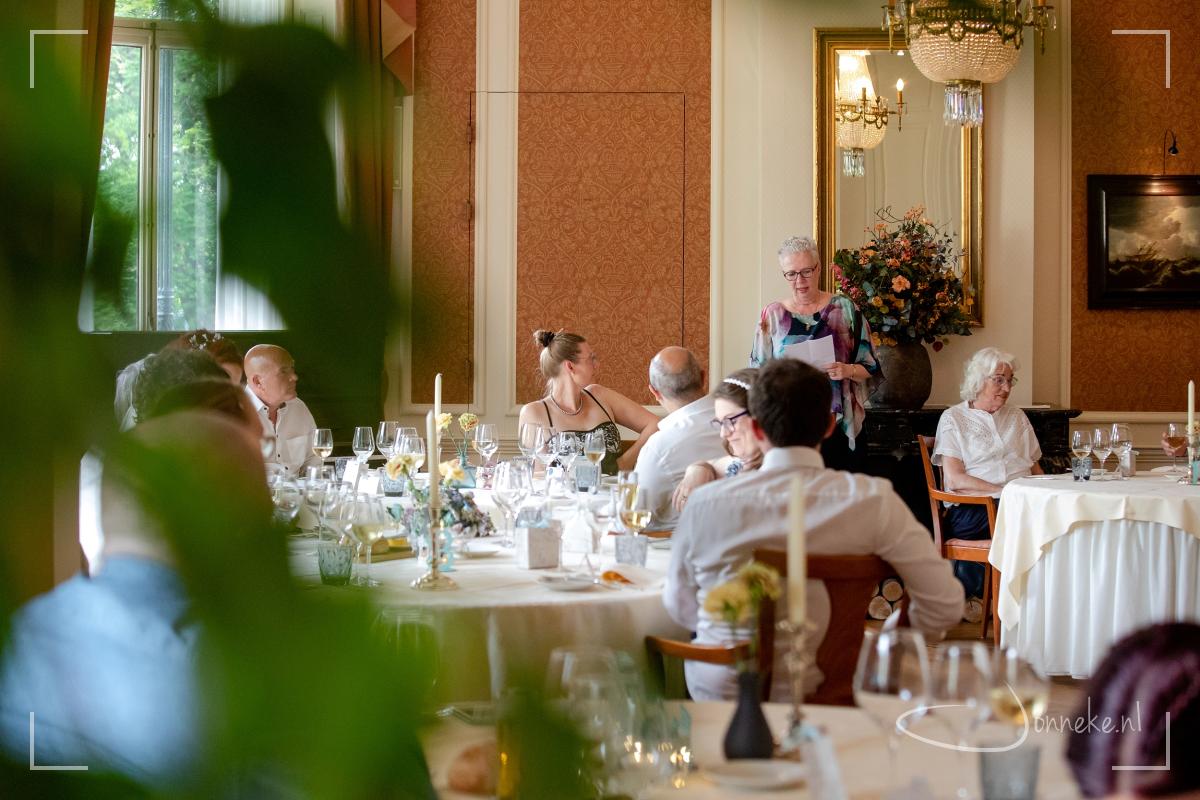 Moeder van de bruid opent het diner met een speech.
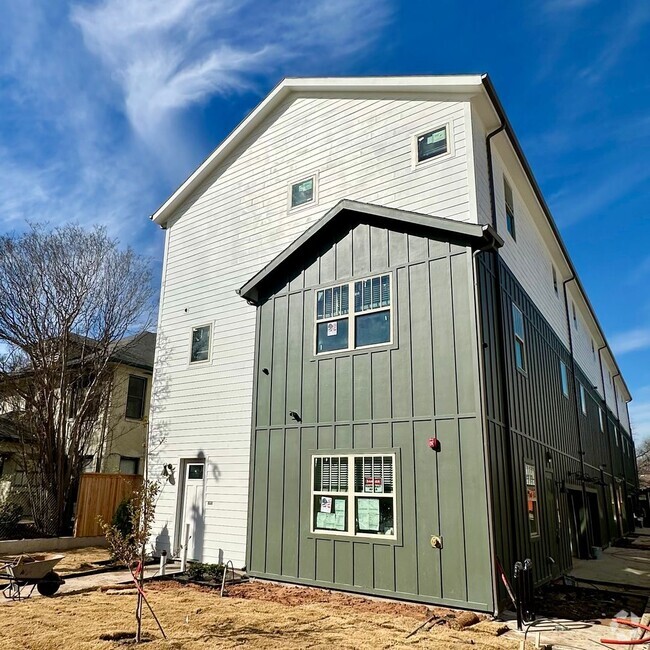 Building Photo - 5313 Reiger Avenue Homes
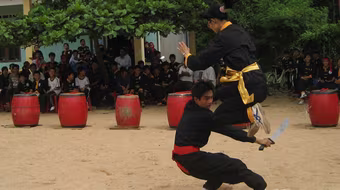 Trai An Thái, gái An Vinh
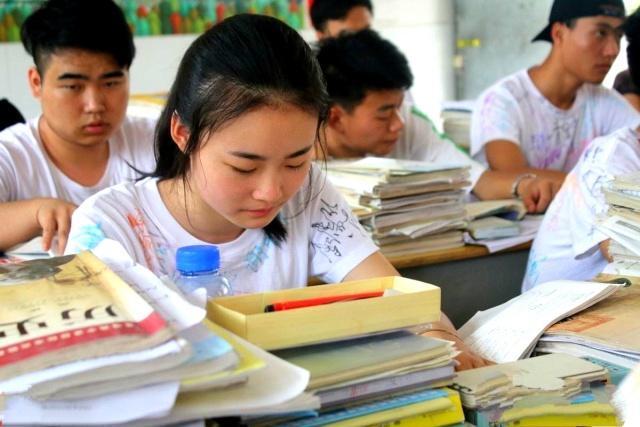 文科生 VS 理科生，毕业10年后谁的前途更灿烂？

━━━━

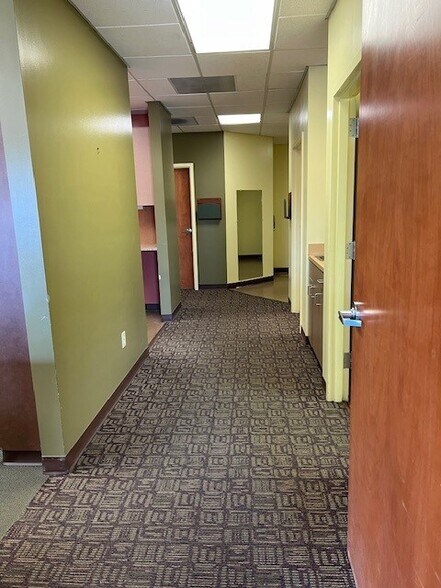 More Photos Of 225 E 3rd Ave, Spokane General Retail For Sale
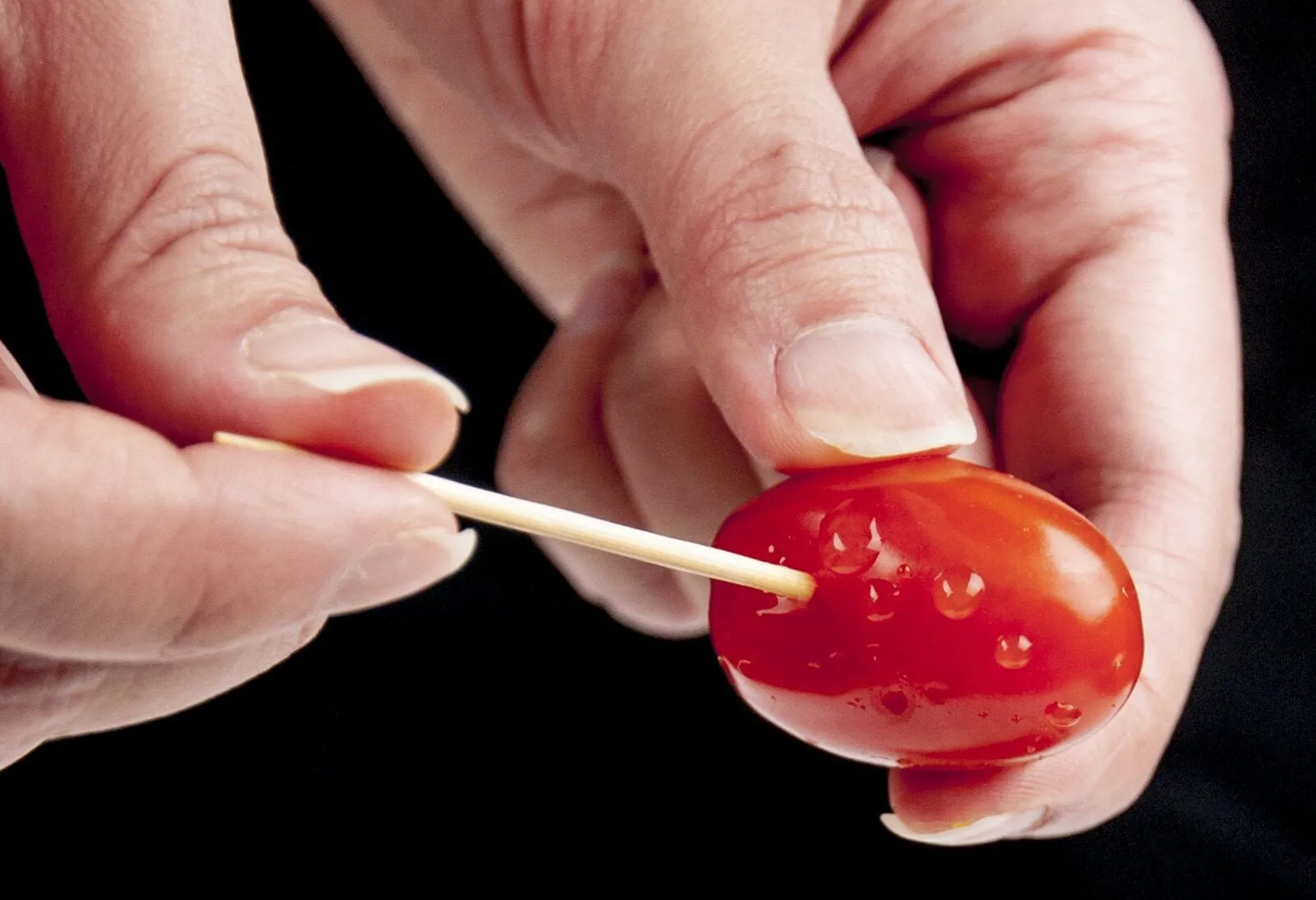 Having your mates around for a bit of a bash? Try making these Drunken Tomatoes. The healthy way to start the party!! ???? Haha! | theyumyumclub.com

━━━━

» **TASK BRIEF**: Copy only what lies between the line with "Moeder van de" and the line with "文科生 VS 理科生，毕业10年后谁的前途更灿烂？", those two lines included, exactly as given above; pictures stay out.

» **WRITTEN REPLY**:
 Moeder van de bruid opent het diner met een speech.
 Building Photo - 5313 Reiger Avenue Homes
 Trai An Thái, gái An Vinh
 文科生 VS 理科生，毕业10年后谁的前途更灿烂？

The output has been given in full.